Newly diagnosed? Here’s what you need to know

  1. Know your kidney numbers. This goes for blood and urine. EGFR, or estimated glomerular filtration rate, is a measure of kidney function and is performed through a blood test. Be sure to get your urine tested as well for a protein called albumin. Too much albumin in the urine is an early sign of kidney damage.
  2. Get your blood pressure checked. Blood pressure checks are important since high blood pressurecan damage the kidneys. Know what numbers are considered acceptable for your condition and work with your health care professionals to take steps that will keep you in that range.

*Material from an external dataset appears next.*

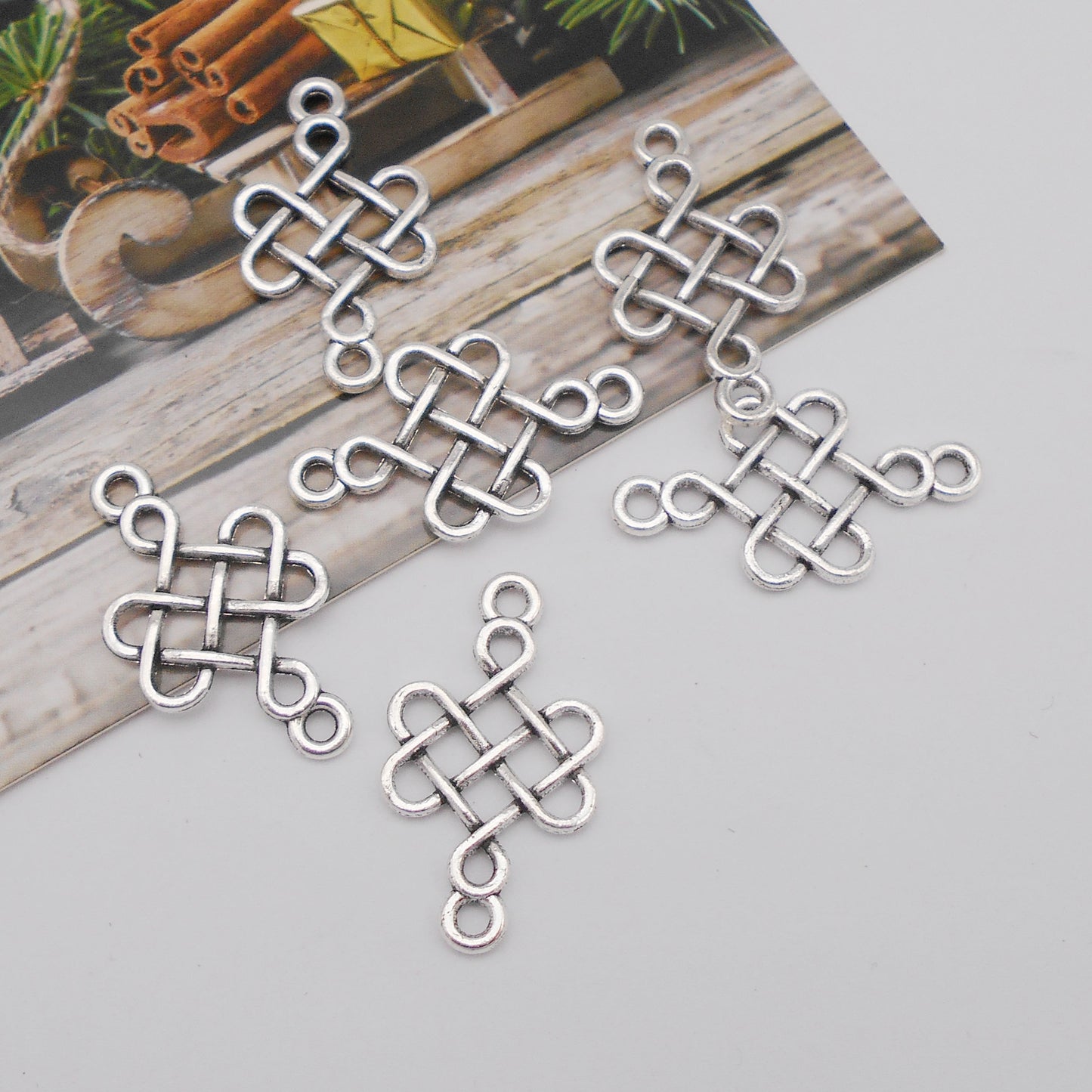 30pcs Antique Silver Alloy Chinese Knot Celtic Knot Celtic Knot Pendant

  3. Talk to your doctor about medication dosage and imaging tests. Many prescription and over-the-counter medications are filtered by the kidneys. This means that normal kidneys remove medications from the body. When your kidneys aren't working properly, medications can build up and cause you harm. If you just got a diagnosis of kidney disease, it’s important to work with your doctor to make any adjustments to your medication regimen, such as dosing changes or substitutions. This will help prevent any negative effects from the medication, including further kidney damage. Exposure to intravenous contrast dyes used in imaging (MRI, CT or angiograms) can cause kidney damage, so be sure to speak with your doctor before scheduling one of these tests.
  4. Talk to a dietitian. Eating a proper diet is essential for those with any stage of kidney disease. Across the board, cutting down on sodium is an important recommendation, but the kidney diet is very individualized. Be sure to make an appointment with a renal dietitian (one who specializes in kidney disease) immediately to receive your personalized diet plan. Medicare covers dietitian services for those with eGFR less than 50 as well as for those with diabetes. For kidney health recipes visit our Kidney Kitchen.
  5. Have your blood cholesterol levels checked regularly. 
  6. Stop smoking. In addition to causing lung cancer and lung disease, smoking is also associated with kidney disease, kidney cancer and bladder cancer. Smoking slows the blood flow to vital organs like the kidneys, causing damage. Think of smoking as stepping on the accelerator for any disease that you may have. So if you have kidney disease, smoking can make it even worse. To learn more click here.
  7. Plan to see the kidney specialist. Most experts agree that you should see a nephrologist when your eGFR (estimated glomerular filtration rate—a measure of kidney function) is less than 30.
  8. Learn about treatment options for kidney failure. If you’re in the late stages of kidney disease (stage 4 or 5), ask your kidney doctor or advanced practitioner about the different types of treatment for kidney failure so you can choose the one that best suits your health and lifestyle. They should address options such as home dialysis (either hemodialysis or peritoneal dialysis) and pre-emptive transplant, in addition to in-center hemodialysis.
  9. Create an access to your bloodstream. If you’re planning to start hemodialysis, you’ll need to prepare by having surgery to create an access to your veins. Be sure to avoid needlesticks in that arm at this time. Once you have your access placed there will be additional precautions you should take to keep your access working well.